Typically, in non-secure computing environments, the baseline hash values maintained by Integrity Policy Module 210 may be stored in PC 100's main memory, which is susceptible to tampering and attack from rogue software. The security features of LT platforms, however, facilitate a significantly higher degree of security in various embodiments of the present invention. Specifically, LT includes Trusted Platform Modules (“TPMs”) defined by the Trusted Computing Group (“TCG”) (Main Specification, Version 1.1a, published September 2001) that enable embodiments of the present invention to securely store the hash values of Guest Software 150. A TPM comprises processor-embedded hardware on PC 100 that includes platform configuration registers (“PCRs”) and secure cryptographic functions. Although the following description assumes the use of a TPM having specific security features, embodiments of the present invention are not so limited. Instead, other trusted hardware modules (similar to TPMs) may be implemented on various secure computing platforms and provide some, all or more features than the TPMs described herein. It will be readily apparent to those of ordinary skill in the art that embodiments of the present invention may also be modified for use with all such other trusted hardware modules.

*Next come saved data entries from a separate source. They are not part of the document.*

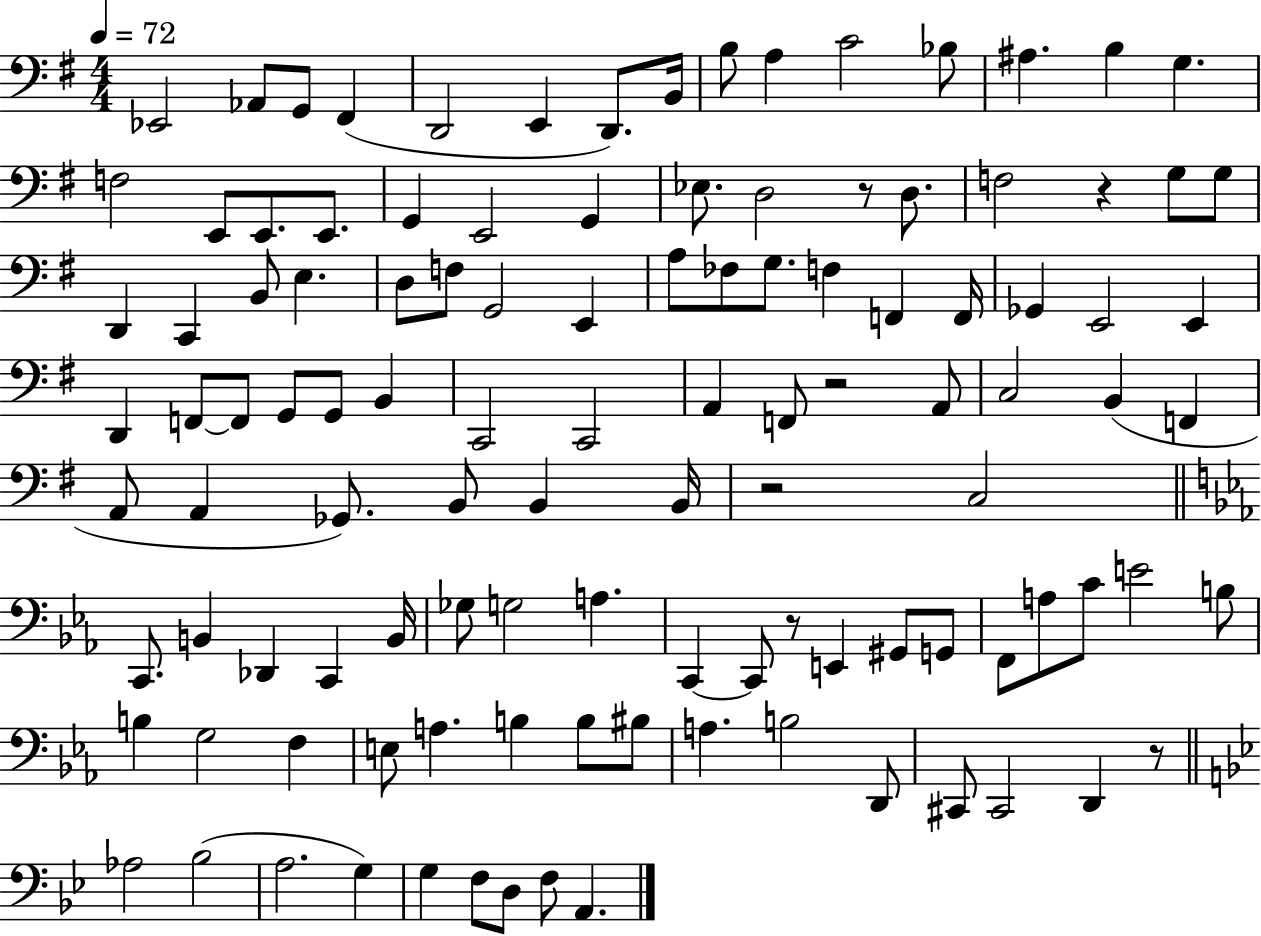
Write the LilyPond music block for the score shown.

{
  \clef bass
  \numericTimeSignature
  \time 4/4
  \key g \major
  \tempo 4 = 72
  ees,2 aes,8 g,8 fis,4( | d,2 e,4 d,8.) b,16 | b8 a4 c'2 bes8 | ais4. b4 g4. | \break f2 e,8 e,8. e,8. | g,4 e,2 g,4 | ees8. d2 r8 d8. | f2 r4 g8 g8 | \break d,4 c,4 b,8 e4. | d8 f8 g,2 e,4 | a8 fes8 g8. f4 f,4 f,16 | ges,4 e,2 e,4 | \break d,4 f,8~~ f,8 g,8 g,8 b,4 | c,2 c,2 | a,4 f,8 r2 a,8 | c2 b,4( f,4 | \break a,8 a,4 ges,8.) b,8 b,4 b,16 | r2 c2 | \bar "||" \break \key ees \major c,8. b,4 des,4 c,4 b,16 | ges8 g2 a4. | c,4~~ c,8 r8 e,4 gis,8 g,8 | f,8 a8 c'8 e'2 b8 | \break b4 g2 f4 | e8 a4. b4 b8 bis8 | a4. b2 d,8 | cis,8 cis,2 d,4 r8 | \break \bar "||" \break \key g \minor aes2 bes2( | a2. g4) | g4 f8 d8 f8 a,4. | \bar "|."
}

The PCRs in the TPM may be used to securely store information. For example, each PCR may securely store baseline values pertaining to a component of Guest Software 150 (e.g., the operating system) and or a set of components (i.e., the hash value representing multiple component baseline values). Integrity Monitor 105 may thereafter utilize the baseline values to monitor Guest Software 150. In one embodiment, since Integrity Monitor 105 may be a software-based application, it may itself be susceptible to attack. To ensure that Integrity Monitor 105 is verified (i.e., uncompromised), according to embodiments of the present invention, the PCRs may also be used to store information (e.g., startup hash values) corresponding to a verified Integrity Monitor 105. When PC 100 is initially booted up, various startup events may occur. In one embodiment, one of these startup processes (e.g., an operating system loader process) may measure a hash value of Integrity Monitor 105 and store the value in a PCR on the TPM. Thereafter, when Integrity Monitor 105 attempts to access other values on the various PCRs in the TPM, the startup hash value of Integrity Monitor 105 may be used to authenticate that Integrity Monitor 105 is verified (i.e., that it has not been tampered with) and thereafter, Integrity Monitor 105 may access the securely stored values.

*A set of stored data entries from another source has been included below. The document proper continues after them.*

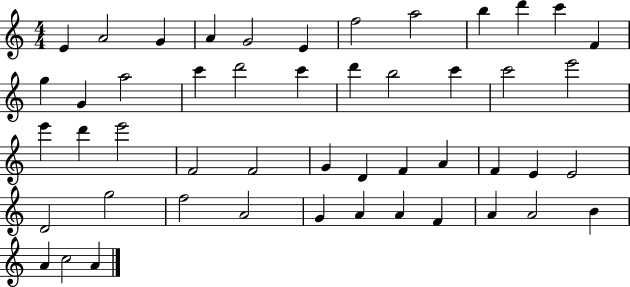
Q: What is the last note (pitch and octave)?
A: A4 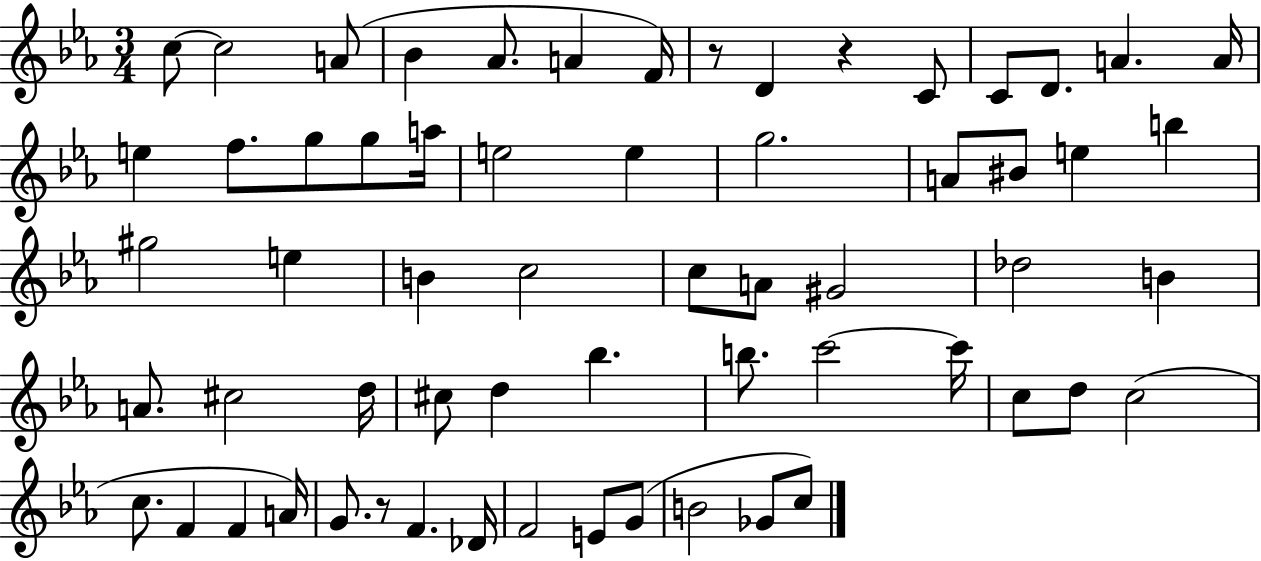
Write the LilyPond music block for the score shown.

{
  \clef treble
  \numericTimeSignature
  \time 3/4
  \key ees \major
  c''8~~ c''2 a'8( | bes'4 aes'8. a'4 f'16) | r8 d'4 r4 c'8 | c'8 d'8. a'4. a'16 | \break e''4 f''8. g''8 g''8 a''16 | e''2 e''4 | g''2. | a'8 bis'8 e''4 b''4 | \break gis''2 e''4 | b'4 c''2 | c''8 a'8 gis'2 | des''2 b'4 | \break a'8. cis''2 d''16 | cis''8 d''4 bes''4. | b''8. c'''2~~ c'''16 | c''8 d''8 c''2( | \break c''8. f'4 f'4 a'16) | g'8. r8 f'4. des'16 | f'2 e'8 g'8( | b'2 ges'8 c''8) | \break \bar "|."
}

In addition to VMX, LT platforms include a feature known as Secure Machine Execution (“SMX”), which provides an additional level of security. SMX provides PC 100 with an additional layer of protection to PC 100 by setting up protection barriers to PC 100's resources. SMX enables PC 100 to perform a “secure launch” which provides, amongst other things, hardware protection against direct memory access (“DMA”). Thus, for example, SMX ensures that Root VM 110 maintains control of PC 100's resources by marking the memory used by the System Virtual Machine Monitor (“SVMM” i.e., the system code that Root VM 110 operates in SMX mode) as protected memory, unavailable to DMA access. SVMM is well known to those of ordinary skill in the art and further description thereof is omitted herein. Significantly, for the present purposes, according to one embodiment of the present invention, while PC 100 is executing in SMX mode, an initialization module (“SINIT”) may measure and store the hash values of Integrity Monitor 105 in a secure memory area (e.g., the TPM), without any DMA access. Thereafter, Integrity Monitor 105 may be verified by further examining the values maintained by SINIT in the TPM.
While in SMX mode, Integrity Monitor 105 may also impose restrictions on certain areas of PC 100's memory and designate those areas as non-writable, i.e., protected memory, unavailable to DMA access by input/output (“I/O”) devices and/or software running on PC 100. In one embodiment of the present invention, certain components of Guest Software 150 may be placed into this area of non-writable memory, which provides them with yet another layer of protection against tampering. For example, the kernel code on PC 100 (are we talking about OS kernel here?), which is unlikely to change during runtime, may be executed in this non-writable memory area.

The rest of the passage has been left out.